Trump droht Iran mit massivem Luftangriff auf strategisches Gasfeld South Pars
Der frühere und mögliche zukünftige US-Präsident Donald Trump hat dem Iran mit einer massiven militärischen Reaktion gedroht, die sich gezielt gegen das strategisch wichtige Gasfeld South Pars richten würde. In einem Beitrag auf der Plattform Truth Social warnte Trump, dass eine solche Attacke des US-Militärs erfolgen werde, falls der Iran weiterhin die Gasindustrie des Nachbarlandes Katar angreife.
Drohung mit beispielloser Schlagkraft
Für diesen Fall kündigte Trump einen Angriff „mit einer Stärke und Schlagkraft, wie Iran es noch nie zuvor gesehen hat“ an.
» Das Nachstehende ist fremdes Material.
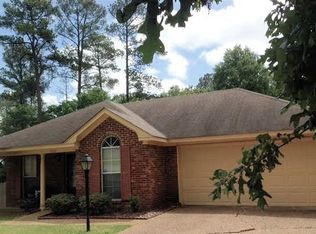 1005 Bayview Cv, Ridgeland, MS 39157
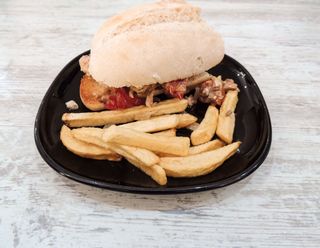 Montadito De Melva Con Pimiento Asado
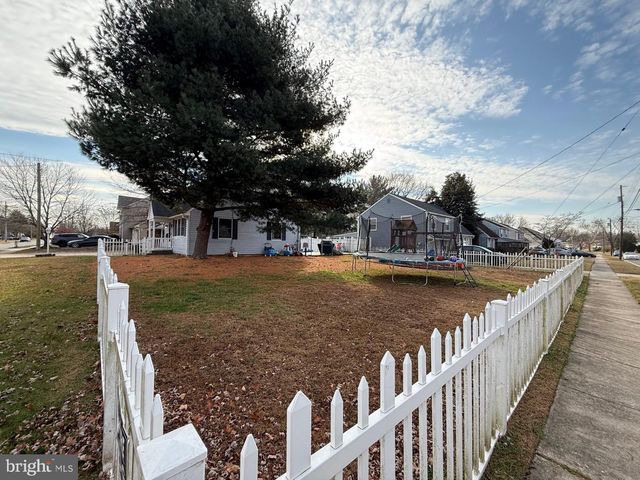 380 ERIE AVE, Carneys Point, NJ 08069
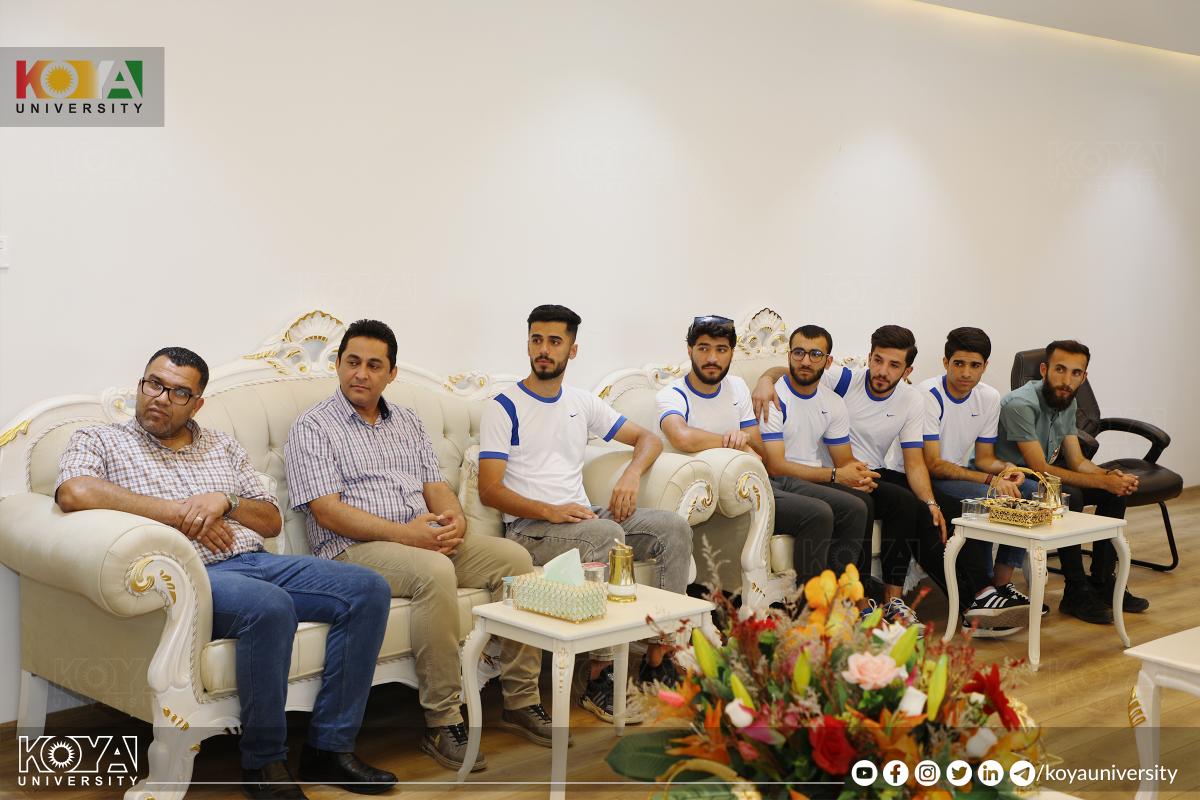 بەڕێز سەرۆکی زانکۆ هەڵبژاردەی فوتساڵی زانکۆی کۆیەی خەڵات کرد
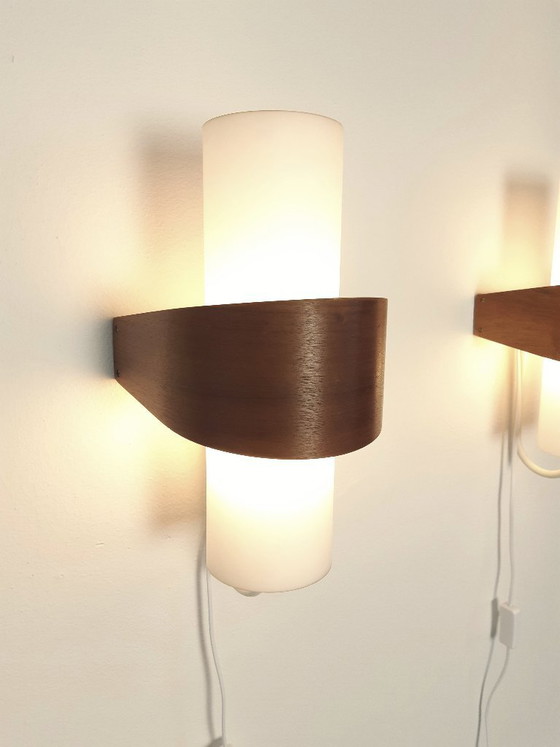Image 1 of 1 van 2 Louis Kalff wandlampen, NX40 Philips wandlamp, matglazen mcm wandlamp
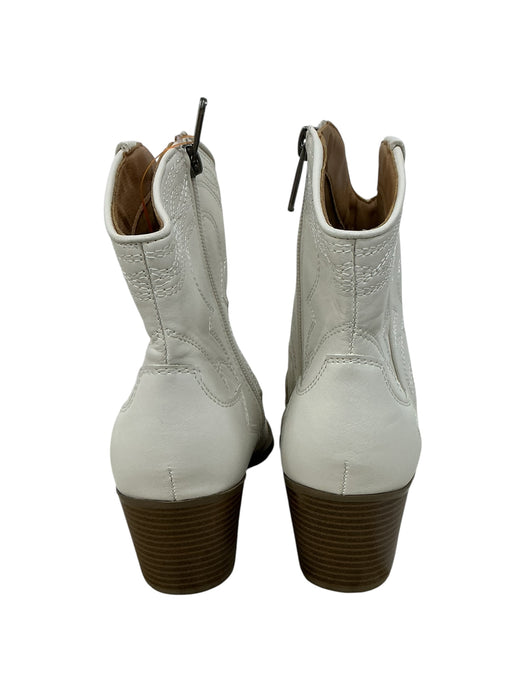 Bota 7.5 (INDIGO RD)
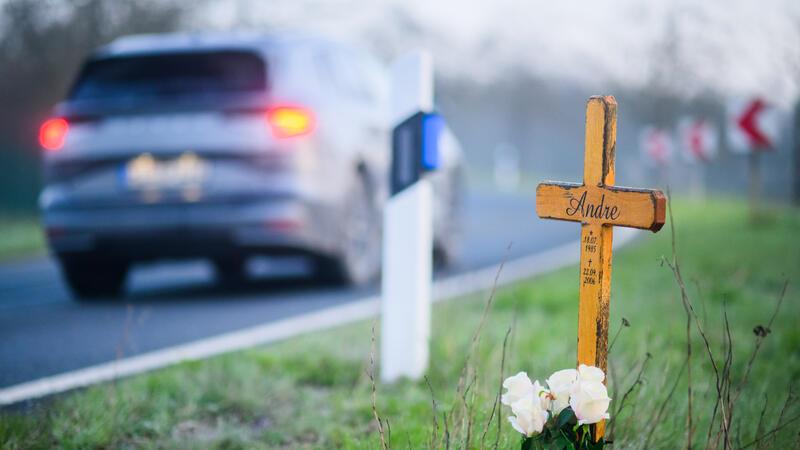 „Gurt anlegen!“ – Jeder dritte Verkehrstote im Kreis Stade war nicht angeschnallt Am Montag stellt Niedersachsens Innenministerin Daniela Behrens die Verkehrsunfallstatistik 2023 vor.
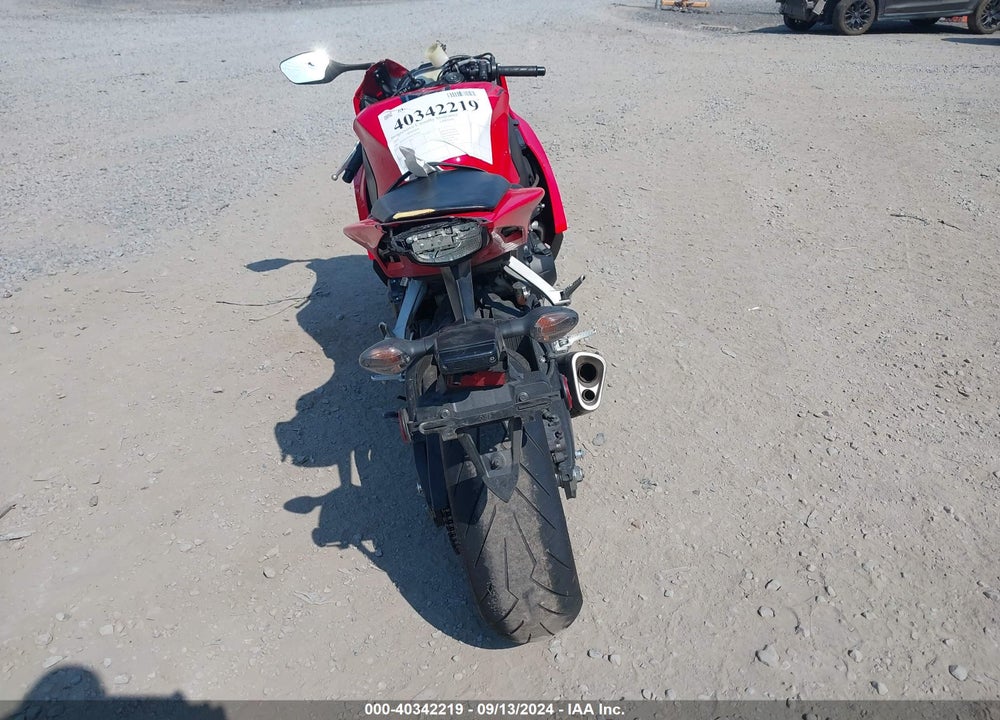 2015 HONDA CBR1000 RR VIN: JH2SC5950FK700066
Diese deutliche Warnung unterstreicht die angespannte Sicherheitslage in der Region und markiert eine weitere Eskalationsstufe in den bereits bestehenden Spannungen zwischen den Vereinigten Staaten und der Islamischen Republik.
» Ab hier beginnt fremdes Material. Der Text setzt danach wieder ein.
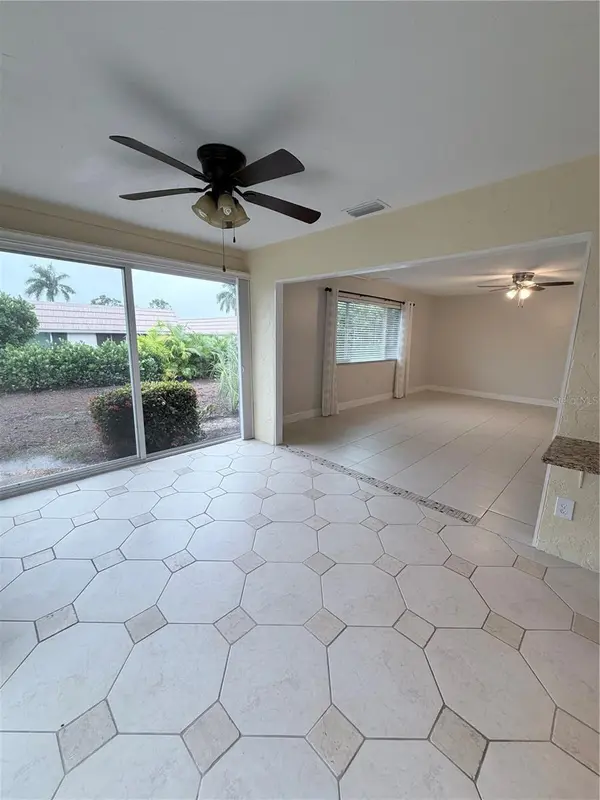 2320 AQUABLUFF PL #V274, Sarasota, FL 34231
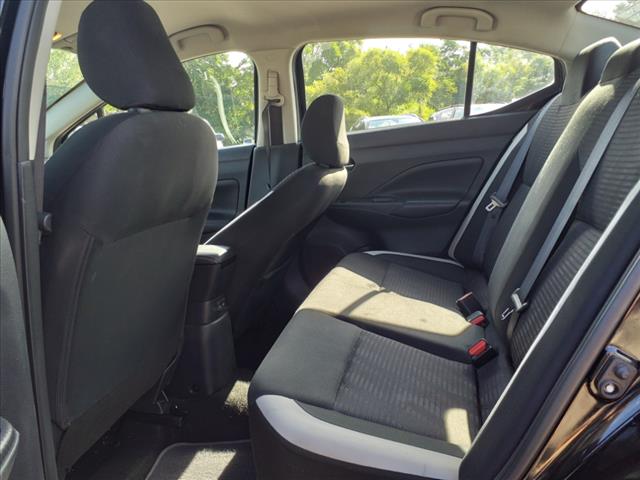 2020 Nissan Versa SV Xtronic CVT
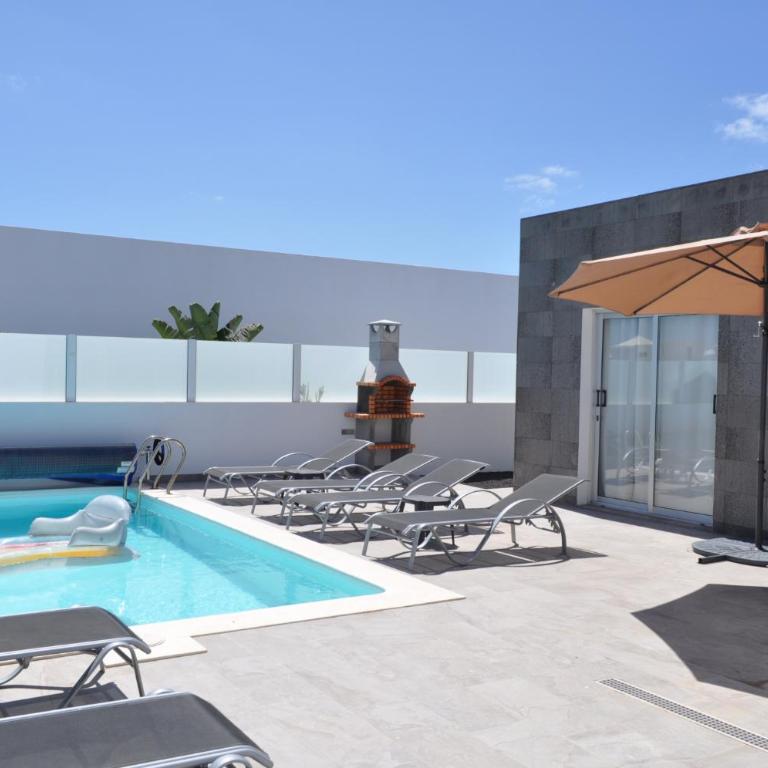 Villa Cástor - Three-Bedroom Villa - 11
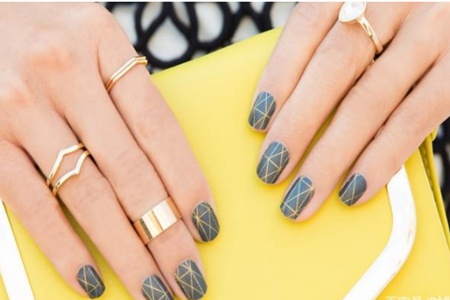 1572335609913295.jpg 女生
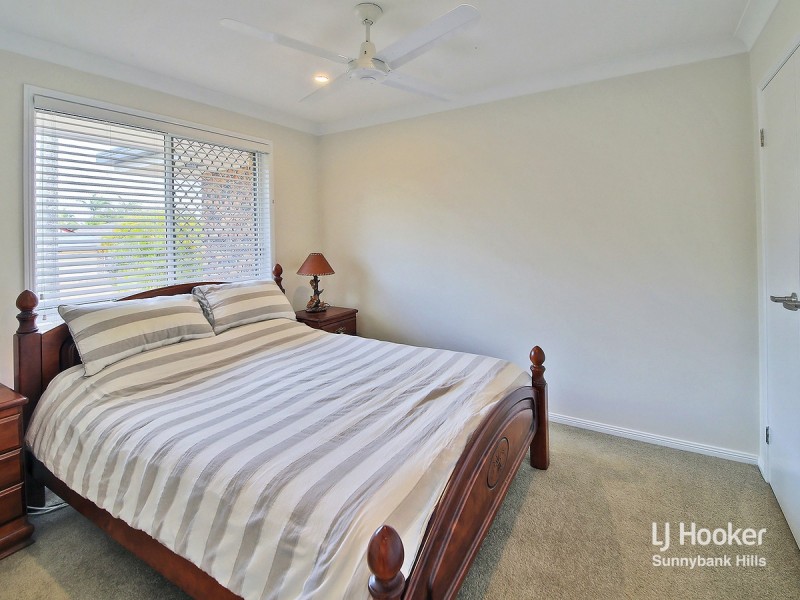 3 Michigan Crescent, Parkinson QLD 4115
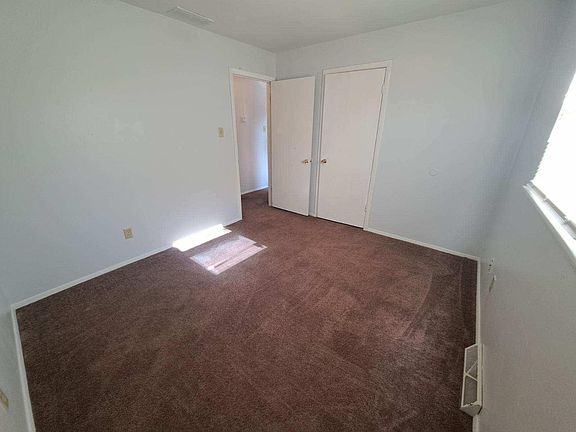 5th image of 3353 Brown St #3353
Das Gasfeld South Pars, das sich größtenteils in iranischen Hoheitsgewässern befindet, ist von immenser wirtschaftlicher und strategischer Bedeutung für den Iran. Es handelt sich um eines der größten bekannten Gasvorkommen der Welt und stellt eine zentrale Einnahmequelle für das von internationalen Sanktionen geplagte Land dar. Ein Angriff auf diese Infrastruktur hätte daher verheerende wirtschaftliche Folgen.
Hintergrund der Drohungen
Der Konflikt zwischen dem Iran und Katar im Energiesektor hat in den letzten Monaten an Intensität gewonnen. Die Drohung Trumps erfolgt vor diesem Hintergrund und spiegelt die traditionell enge Partnerschaft der USA mit Katar wider. Experten bewerten die Äußerung als Teil einer breiteren außenpolitischen Rhetorik, die darauf abzielt, den iranischen Einfluss in der Region einzudämmen.
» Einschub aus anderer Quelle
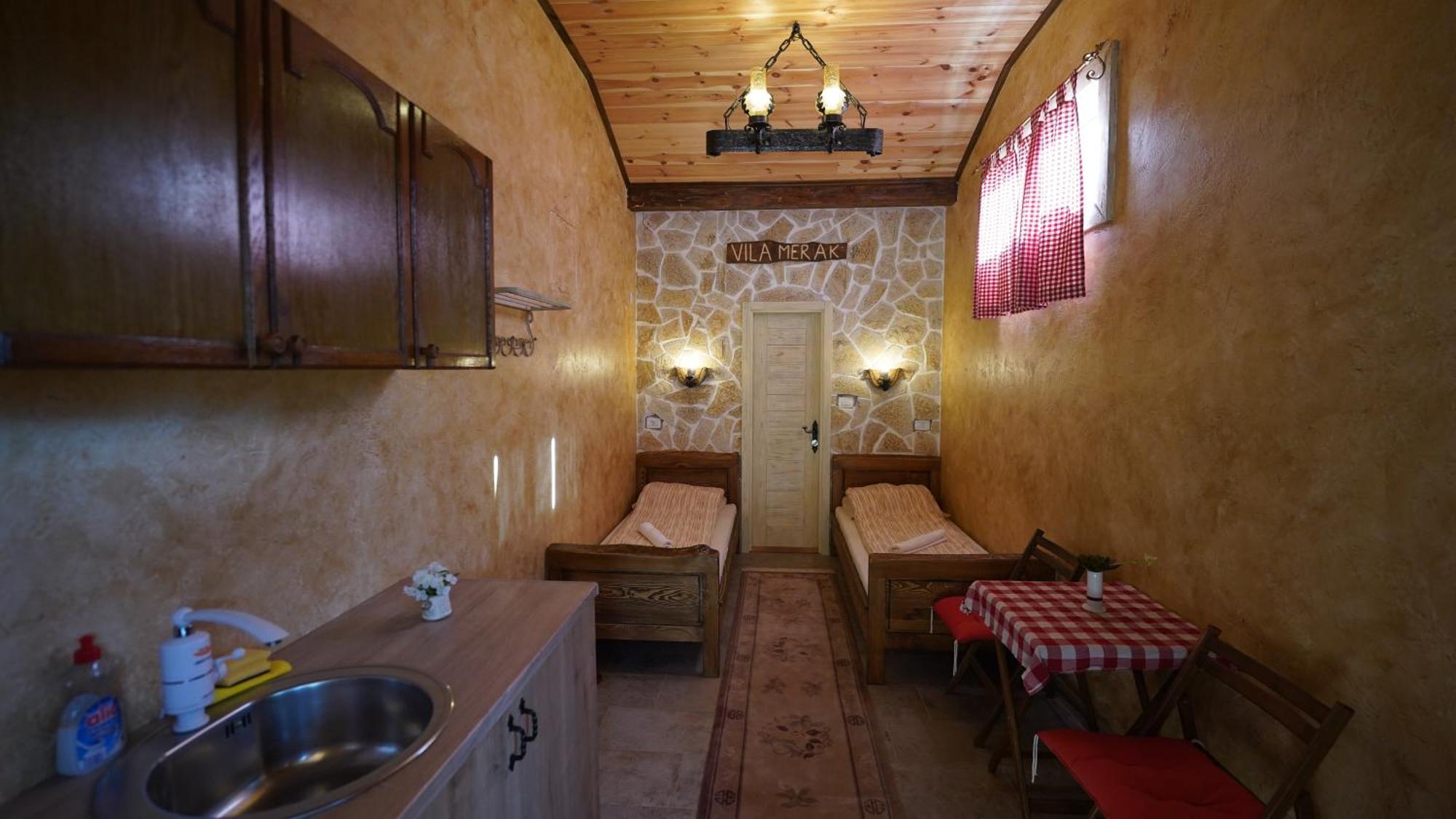 Vila Merak Gusinje Buitenkant foto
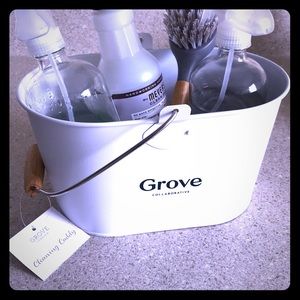 B2G1 NWT White Enameled Cleaning Bucket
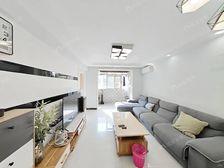 花梨坎地铁 不临街 精装全南两居 采光很好 满五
Die Reaktionen aus Teheran auf diese neueste Drohung stehen noch aus. In der Vergangenheit haben iranische Offizielle ähnliche Warnungen aus Washington stets als „psychologische Kriegsführung“ und Verletzung internationalen Rechts zurückgewiesen. Die Situation bleibt äußerst volatil, und Beobachter fürchten eine weitere Destabilisierung des bereits fragilen regionalen Gleichgewichts.